Quarterly report pursuant to Section 13 or 15(d)

Warrant Liability

v3.5.0.2
Warrant Liability
9 Months Ended
Sep. 30, 2016
Notes to Financial Statements  
Note 9. Warrant Liability

Certain warrants are recorded as liabilities at their estimated fair value at the date of issuance, with the subsequent changes in estimated fair value recorded in other income (expense) in the Company’s condensed consolidated statement of operations in each subsequent quarterly period. The change in the estimated fair value of our warrant liability for the three months ended September 30, 2016 and 2015 resulted in non-cash income of approximately $0.1 million and $1.1 million, respectively. The change in the estimated fair value of our warrant liability for the nine months ended September 30, 2016 and 2015 resulted in non-cash income of approximately $1.6 million and $2.7 million, respectively. The Company utilizes the Monte Carlo simulation valuation method to value the liability classified warrants.

 

On June 30, 2016 we came to agreement with the 2014 warrant holders that in return for reducing the strike price of the warrants from $11.55 per share to $6.25 per share, the warrant holders would amend certain provisions of the warrant agreement. The revised warrants are classified as equity in the condensed consolidated financial statements. The loss on the modification of these outstanding warrants was approximately $0.1 million and this loss was reported in other expenses. The value of the 2014 warrants at the time of the warrant modification was approximately $0.6 million. The valuation of the amended 2014 warrants was approximately the same under both the Black Scholes pricing model and Monte Carlo valuation method.

 

The estimated fair value of the liability classified warrants is determined using Level 3 inputs. Inherent in the Monte Carlo valuation model are assumptions related to expected stock-price volatility, expected life, risk-free interest rate and dividend yield. The Company estimates the volatility of its common stock based on historical volatility that matches the expected remaining life of the warrants. The risk-free interest rate is based on the U.S. Treasury zero-coupon yield curve on the grant date for a maturity similar to the expected remaining life of the warrants. The expected life of the warrants is assumed to be equivalent to their remaining contractual term.
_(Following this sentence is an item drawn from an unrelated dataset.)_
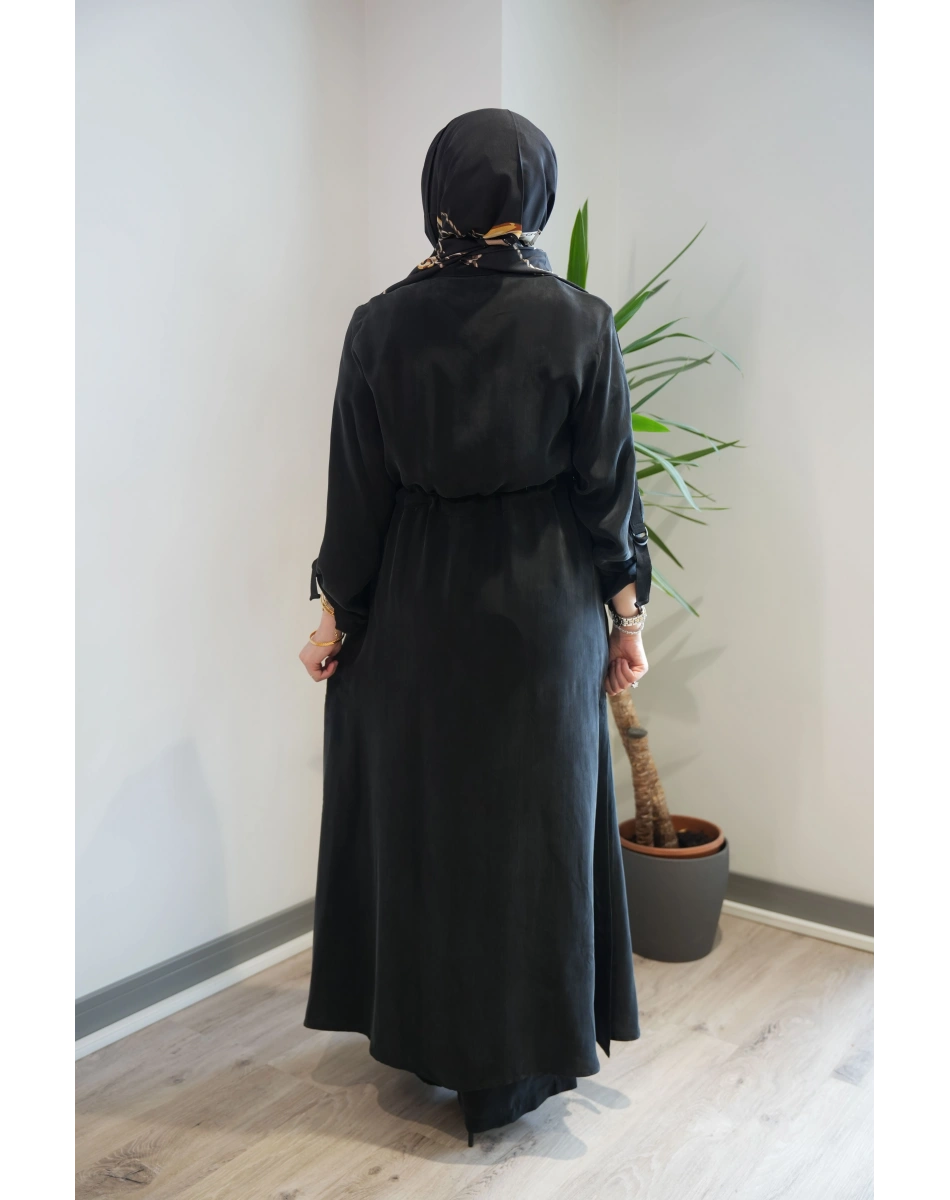 Miss Dalida 2268329 Siyah Fermuarlı Beli Büzgülü Cupro Ceket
The dividend rate is based on the historical rate, which the Company anticipates to remain at zero.

 

The following table summarizes the calculated aggregate fair values, along with the assumptions utilized in each calculation:

 

    September 30,     December 31,  
    2016     2015  
Calculated aggregate value   $ 120,513     $ 2,327,195  
Weighted average exercise price per share of warrant   $ 27.60     $ 18.60  
Closing price per share of common stock   $ 1.74     $ 5.00  
Weighted average volatility     93.56 %     83.6 %
Weighted average remaining expected life (years)     2.77       5.11  
Weighted average risk-free interest rate     0.88       1.90  
Dividend yield     0 %     0 %

 

The nature of the warrant liability is such (i.e., the warrant holders receive more value when the Company’s stock price is higher) that increases in the Company’s stock price during the period result in losses on the Company’s statement of operations while decreases in the Company’s stock price result in the Company recording income. The warrant liability decreased on September 30, 2016 due to the decrease in stock price and the settlement of the 2014 warrants, resulting in the 2014 warrants being treated as equity instead of a derivative liability at June 30, 2016.